“The vanity of man keeps him from his God of love.
The vanity of man permits him feeding at the tables of many gods:
at tables where the fare is composed of the lies of man,
at tables where deceit is practised,
at tables where the truth is denied in the absence of integrity,
at tables where the offering plate is always to the fore,
at tables where there are no gifts from the salacious and the greedy,
at tables which only serve the will of man.
The vanity of man feeds upon his pride:
feeds upon the prowess of his self,
feeds upon his dominance,
feeds upon his striving for pre-eminence,
feeds upon the greetings borne by others,
feeds upon the bonding of the obsequious.
The vanity of man is ruthless in his pursuits:
is thoughtless in his relationships,
is thorough in preserving the portrait of himself,
is pre-occupied with his presentation,
always seeks the kingmaker among the powerful,
always joins an enclave promoting his objectives,
always discards the stepping stones he tramples on his journey,
always sheds his compatriots who would seize the limelight.
The vanity of man is not pleasant to peruse when seen in excess,
when seen in the formation of a character,
when seen attaching the blame for failure by shelving it on others.
The vanity of man places him at the forefront of a queue,
places him where apologies are unknown,
places him where conflicting lies are sprouting from his tongue.
The vanity of man befriends those who do not compete,
those who will not overshadow his being and his presence,
those who remain subservient in their modes of address.
The vanity of man is promoted by the enemy of man:
is promoted right to the threshold of his fall,
is promoted with recourse to mirrors,
is promoted by exaggeration,
is promoted by proliferation of stories without foundation,
is promoted by the shallow man who would dwell inside,
is promoted by the peacock who struts in the feathers of the day.
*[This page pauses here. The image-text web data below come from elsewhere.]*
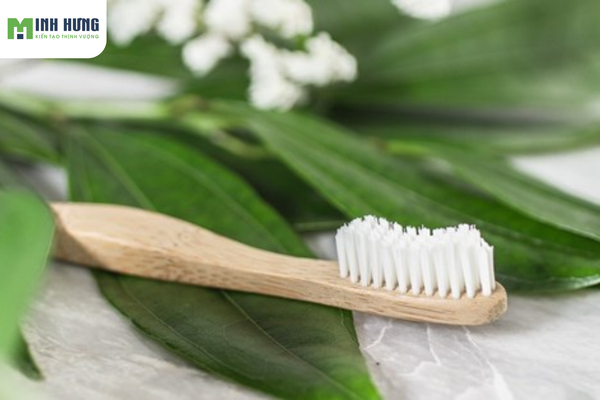 top-5-cong-dung-cua-ban-chai-danh-rang-cu-giup-tiet-kiem-tien-trieu-moi-nam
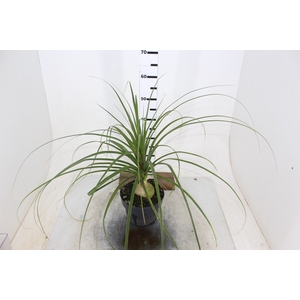 BEAUCARNEA P20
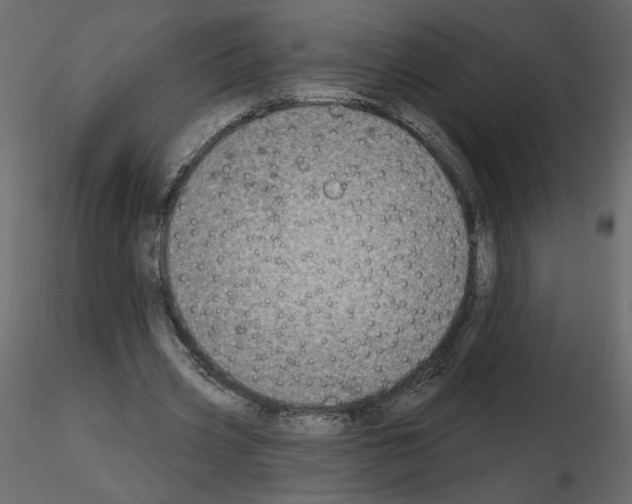 X0000115690533200912241504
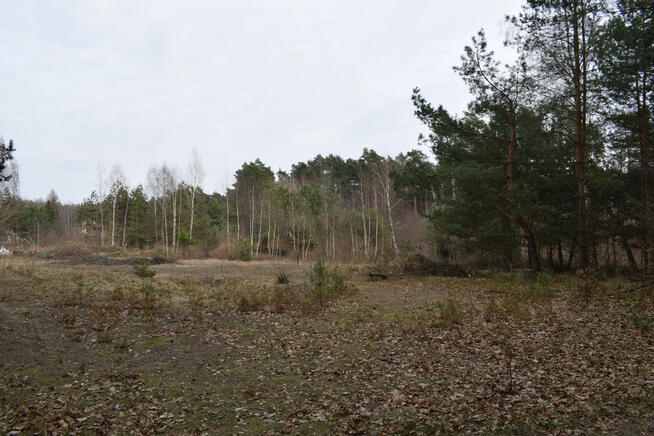 Działki pod budownictwo 13,87a - Wysoka Głogowska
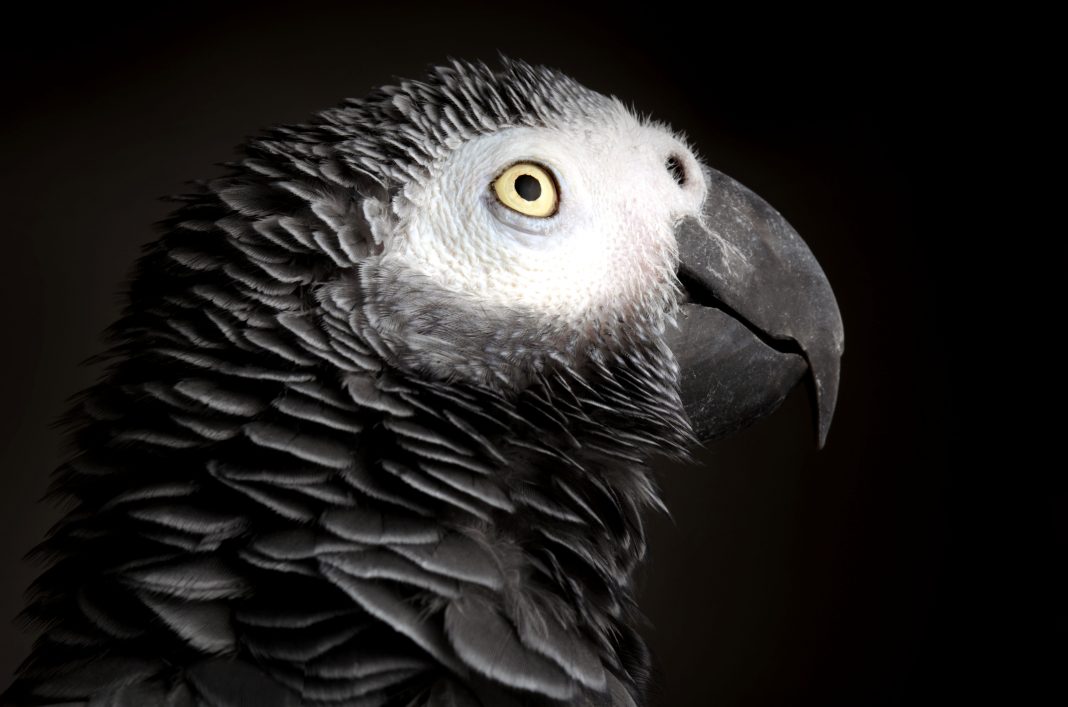 Close-up of African grey parrot (Shutterstock)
The vanity of man denies a direct approach,
sees him sidling up to first ascertain the lie of the land,
often sees a crony being sent before,
often tosses thoughts on to a sounding board to test what bounces back.
The vanity of man is not a redeeming trait when promulgated far and wide,
when dominant within a soul,
when the spirit is silenced through coercion of the will,
when a walk is tainted by that which should not be.
The vanity of man pre-empts a walk with God,
pre-empts the seeking of God,
pre-empts a relationship with God,
pre-empts the acknowledgement of God.
The vanity of man leaves him with his favourite flavour in the milkshake of his gods,
leaves him wandering to a destination which has never been considered,
leaves him without discernment of the gates already hanging open,
leaves him content as he strays both in ignorance and pride.
The vanity of man masks the possibility of repentance,
masks the proximity of The Loving God,
masks a change in lifestyle which has never been on the agenda as being desirable or sought.”